Before she had a chance to finish, Azariah had bounded off the road and charged up the collapsing embankment at its side. Struggling through the mud, he advanced into a low thicket of gum trees from which, smiling modestly, he finally emerged with a bouquet of wet olive branches.
"I can pick more," he promised. "As many as you like."
"But you're drenched!" cried Rimona, the corners of her mouth smiling at him. She ran a hand over her cheek as if she were the wet one, wiped his forehead with the back of it, and took the branches with cupped palms. "Thank you," she said. "You're so kind."

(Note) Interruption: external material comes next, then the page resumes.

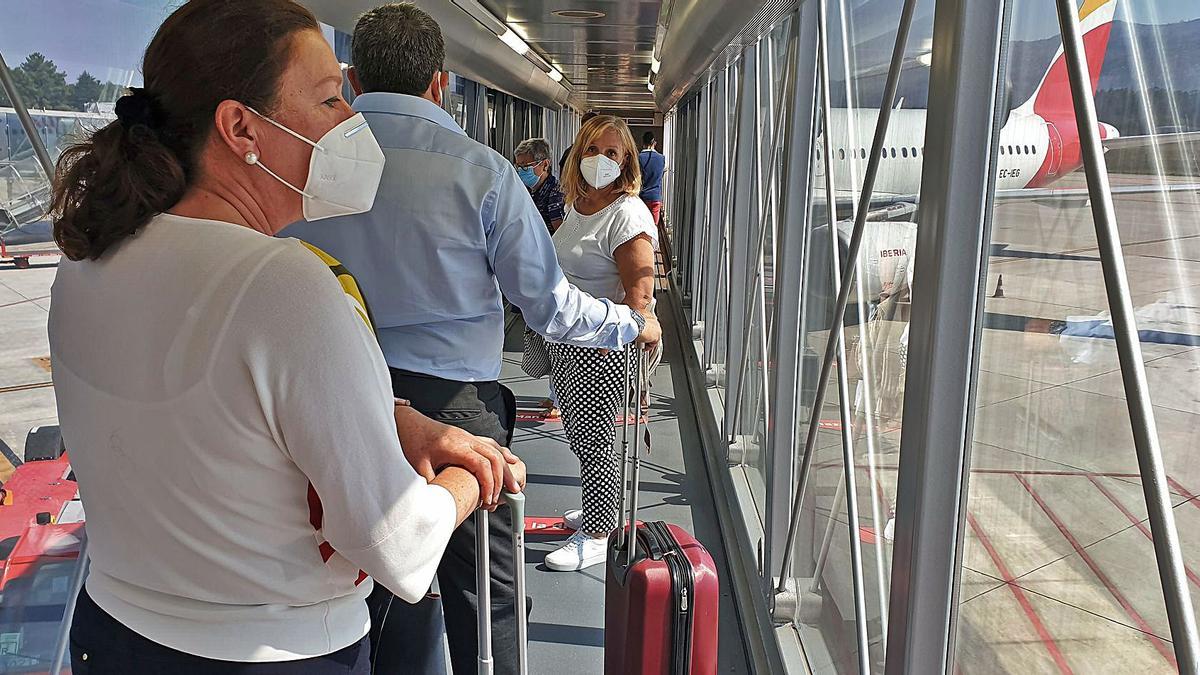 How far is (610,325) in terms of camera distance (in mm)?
2471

"It was nothing," said Azariah, grinning.
"And there's water down your neck too. Give me a handkerchief. I'll dry it for you."
The promise of her touch and the lilt of her voice set Azariah to rummaging frantically through his pockets. He found a penknife but no handkerchief. Flustered, he couldn't find any cigarettes either. Yonatan, sensing what he was after, offered him a smoke and lit one for himself. I'll break every bone in your body, you little grasshopper, he thought, but reversed himself at once. Never mind. Tomorrow I'm taking off and leaving her behind. She'll be yours for the asking, you dumb grasshopper, because you'll be all that she'll have. And all you'll have is a stuffed kewpie doll.
"Those cigarettes you people keep smoking," said Anat, "are making you miss out on all the wonderful smells."
"Right you are," said Azariah, trying to roughen his voice. "I'm going to put mine out right now. It's too damned nice around here."
"How about that?" said Udi to Yonatan. "As soon as you get up in the morning, they're telling you what to do. No Smoking or Spitting Allowed. Oh well. Take a look at that landscape over there, Yoni. All the Arab terraces have been washed away, but that bottom course of stone still left down there must be from Second or First Temple times. Whatever Jews built, lasts. No flood can touch it."